Consider a pure exchange economy with two goods ($x_1,x_2$) and two consumers $A,B$. Both users have an initial endowment, $(\omega_1^A,\omega_2^A)$ and $(\omega_1^B,\omega_2^B)$ respectively. A price ratio $p^*$ is an equilibrium price ratio if after both users maximize their utility given their budget, that is $\forall i\in \left\{A,B\right\}$ they solve the problem \begin{align*} \max_{x_1^i,x_2^i} \ & U(x_1^i,x_2^i) \\ \\ \mbox{s.t. } & p \omega_1^i + \omega_2^i = p x_1^i + x_2^i, \end{align*} the maximizing bundles $(x_1^A,x_2^A),(x_1^B,x_2^B)$ are such that the markets are in equilibrium, meaning \begin{align*} x_1^A + x_1^B & = \omega_1^A + \omega_1^B \\ \\ x_2^A + x_2^B & = \omega_2^A + \omega_2^B. \end{align*}

Suppose that $U$ fulfils the usual conditions of convexity, monotonicity (or local non-satiation, pick whichever you like) and continuity. Given an initial endowment is it possible to have two different equilibrium price ratios? The ideal answer would give a simple example, but non-constructive proofs are also okay.

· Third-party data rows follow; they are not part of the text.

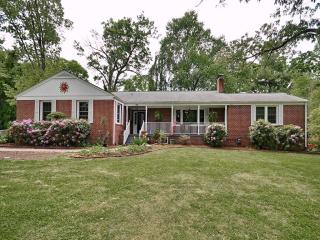 1701 Lower Ridgewood Blvd, Hendersonville, NC 28791-2238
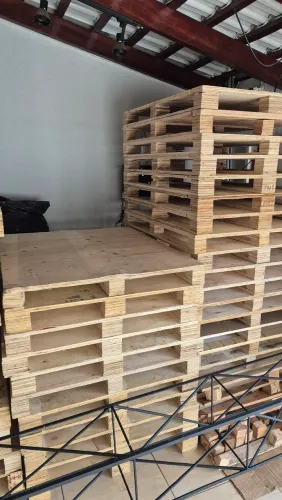 Pallets seminovos, reforçado, suporta aproximadamente 300kg, medida 1.20 por 1.30, 3cm esp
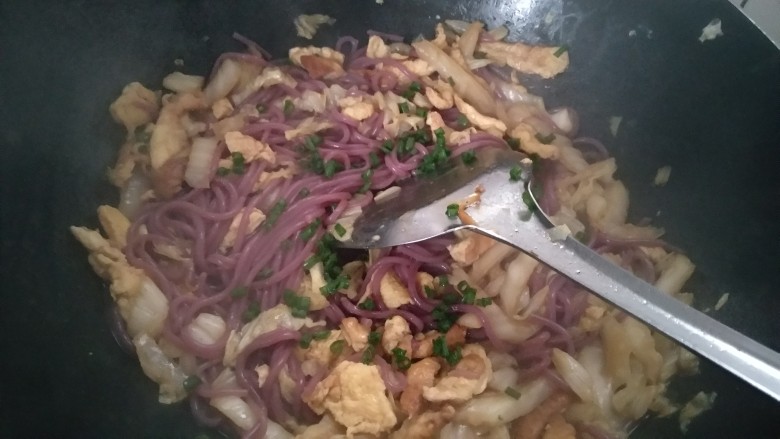 紫薯米线,炒匀加点葱花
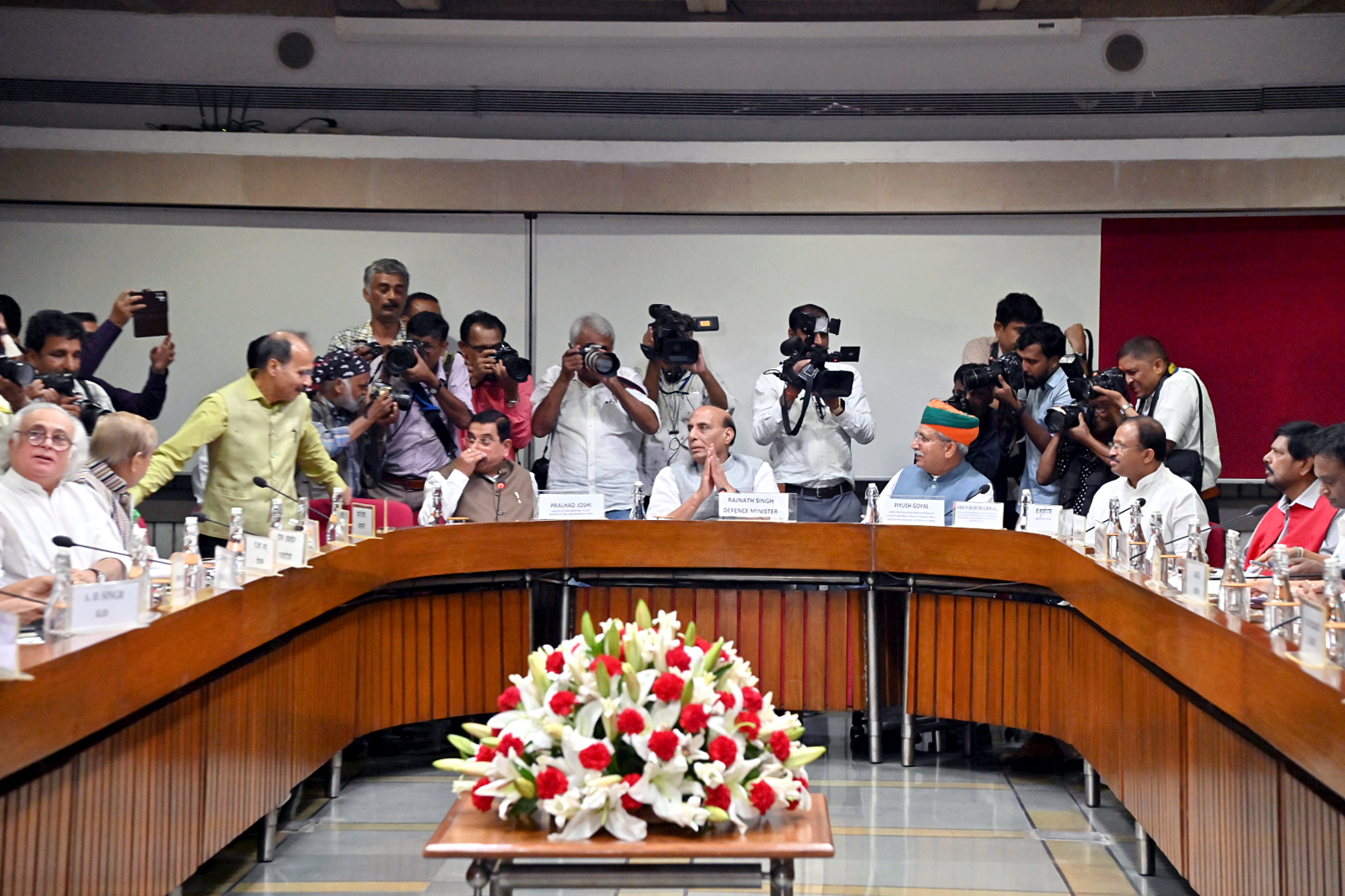 Rajnath Singh chairs an all-party meeting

I am especially interested in examples where both equilibria are interior points of the Edgeworth-box.

A graphical representation of the problem:

Green is the set of Pareto-optimal points, red and blue are indifference curves, thin lines are budget lines.

Answer 1

Yes. The Debreu version of the Sonnenschein-Mantel-Debreu theorem guarantees that excess demand has to satisfy very little restrictions if there are as many consumers as commodities.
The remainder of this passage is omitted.